Introduction to integer linear programming

Recall the problem on lemonade and lemon juice from Week 1 restated below:

Problem. Say you are a vendor of lemonade and lemon juice. Each unit of lemonade requires 1 lemon and 2 litres of water. Each unit of lemon juice requires 3 lemons and 1 litre of water. Each unit of lemonade gives a profit of \(\$ 3\). Each unit of lemon juice gives a profit of \(\$ 2\). You have 6 lemons and 4 litres of water available. How many units of lemonade and lemon juice should you make to maximize profit?

We saw how letting \(x\) denote the number of units of lemonade to be made and letting \(y\) denote the number of units of lemon juice to be made, the problem could be formulated as the following linear programming problem:

\[\begin{array}{rrcrll} \max & 3x & + & 2y & \\ \text{s.t.} & x & + & 3y & \leq & 6 \\ & 2x & +& y & \leq & 4 \\ & x & & & \geq & 0 \\ & & & y & \geq & 0. \\ \end{array}\]

The problem has a unique optimal solution at \(\begin{bmatrix} x \\ y\end{bmatrix} = \begin{bmatrix} 1.2 \\ 1.6\end{bmatrix}\) for a profit of \(6.8\). But this solution requires us to make fractional units of lemonade and lemon juice. What if we require the number of units to be integers? In other words, we want to solve \[\begin{array}{rrcrll} \max & 3x & + & 2y & \\ \text{s.t.} & x & + & 3y & \leq & 6 \\ & 2x & +& y & \leq & 4 \\ & x & & & \geq & 0 \\ & & & y & \geq & 0 \\ & x &,& y & \in & \mathbb{Z}. \\ \end{array}\] This problem is no longer a linear programming problem. But rather, it is an integer linear programming problem.

Mixed-integer linear programming

A mixed-integer linear programming problem is a problem of minimizing or maximizing a linear function subject to finitely many linear constraints such that the number of variables are finite and at least one of which is required to take on integer values. If all the variables are required to take on integer values, the problem is called a pure integer linear programming problem or simply an integer linear programming problem. Normally, we assume the problem data to be rational numbers to rule out some pathological cases.

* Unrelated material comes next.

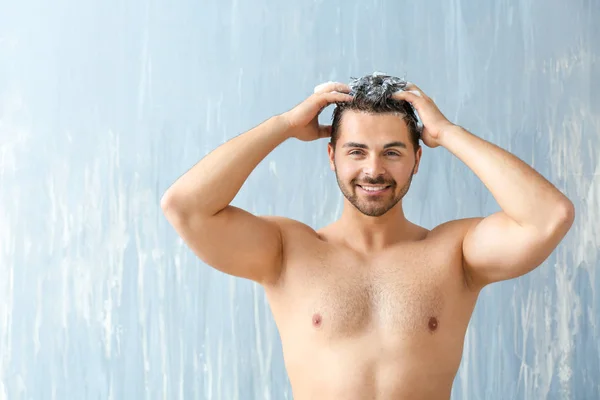 Handsome man washing hair on grey background — Stock Photo, Image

Mixed integer linear programming problems are in general difficult to solve. Yet they are too important to ignore because they have a wide range of applications (e.g. transportation planning, crew scheduling, circuit design, resource management etc.) Many solution methods for these problems have been devised and some of them first solve the linear programming relaxation of the original problem, which is the problem obtained from the original problem by dropping all the integer requirements on the variables.

Example

Let \((MP)\) denote the following mixed-integer linear programming problem: \[\begin{array}{rrcrcrlll} \mbox{min} & x_1 & & & + & x_3 \\ \text{s.t.} & -x_1 & + & x_2 & + & x_3 & \geq & 1 \\ & -x_1 & - & x_2 & + & 2x_3 & \geq & 0 \\ & -x_1 & + & 5x_2 & - & x_3 & = & 3 \\ & x_1 & , & x_2 & , & x_3 & \geq & 0 \\ & & & & & x_3 & \in & \mathbb{Z}. \end{array}\]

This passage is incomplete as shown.